The cutoff for remediation in North Dakota is a 22, those above a 22 are good, those below 22 will have to take remediation. With the histogram I notice that it is not continuous - there is a large decrease in scores at 21. My opinion is that students who get a 21 will retest to try to do better and then they get a 22 or higher which puts them out of remediation. I do not have data on if they retested or how many times they retested. I think because of that I need to utilize a fuzzy design? or does that fact make RD not a path I want to take?

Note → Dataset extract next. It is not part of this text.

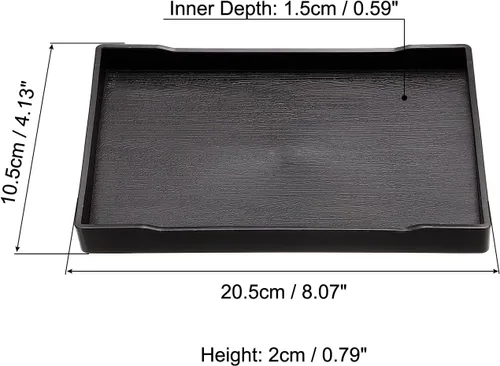 Vista 2 de PATIKIL Bandeja de comida rápida de 8 x 4, bandeja rectangular reutilizable reciclable multiusos para restaurante, cocina en casa, color negro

After the histogram, I continued on the path and completed an RD Manipulation test
rddensity mathAct, c(22)
Computing data-driven bandwidth selectors.
RD Manipulation Test using local polynomial density estimation.
Cutoff c = 22 | Left of c Right of c Number of obs = 6793
-------------------+---------------------- Model = unrestricted
Number of obs | 1227 5566 BW method = comb
Eff. Number of obs | 15 1598 Kernel = triangular
Order est. (p) | 2 2 VCE method = jackknife
Order bias (q) | 3 3
BW est. (h) | 1.034 1.172
Running variable: mathAct.
-----------------------------------------------
Method | T P>|T|
-------------------+---------------------------
Robust | 87.0309 0.0000
-----------------------------------------------
This also gave the warning: bandwidth h may be too low. I am not sure what I would adjust the bandwidth to, any help here would be great.
After that, I did a rdplot
rdplot Math103Letter mathAct, c(22)
RD Plot with evenly spaced mimicking variance number of bins using spacings estimators.
Cutoff c = 22 | Left of c Right of c Number of obs = 6793
----------------------+---------------------- Kernel = Uniform
Number of obs | 1227 5566
Eff. Number of obs | 1227 5566
Order poly. fit (p) | 4 4
BW poly. fit (h) | 9.000 14.000
Number of bins scale | 1.000 1.000
Outcome: Math103Letter. Running variable: mathAct.
---------------------------------------------
| Left of c Right of c
----------------------+----------------------
Bins selected | 73 391
Average bin length | 0.123 0.036
Median bin length | 0.123 0.036
----------------------+----------------------
IMSE-optimal bins | 6 25
Mimicking Var. bins | 73 391
----------------------+----------------------
Rel. to IMSE-optimal: |
Implied scale | 12.167 15.640
WIMSE var. weight | 0.001 0.000
WIMSE bias weight | 0.999 1.000
---------------------------------------------
As you can see there shows a discontinuity in the data.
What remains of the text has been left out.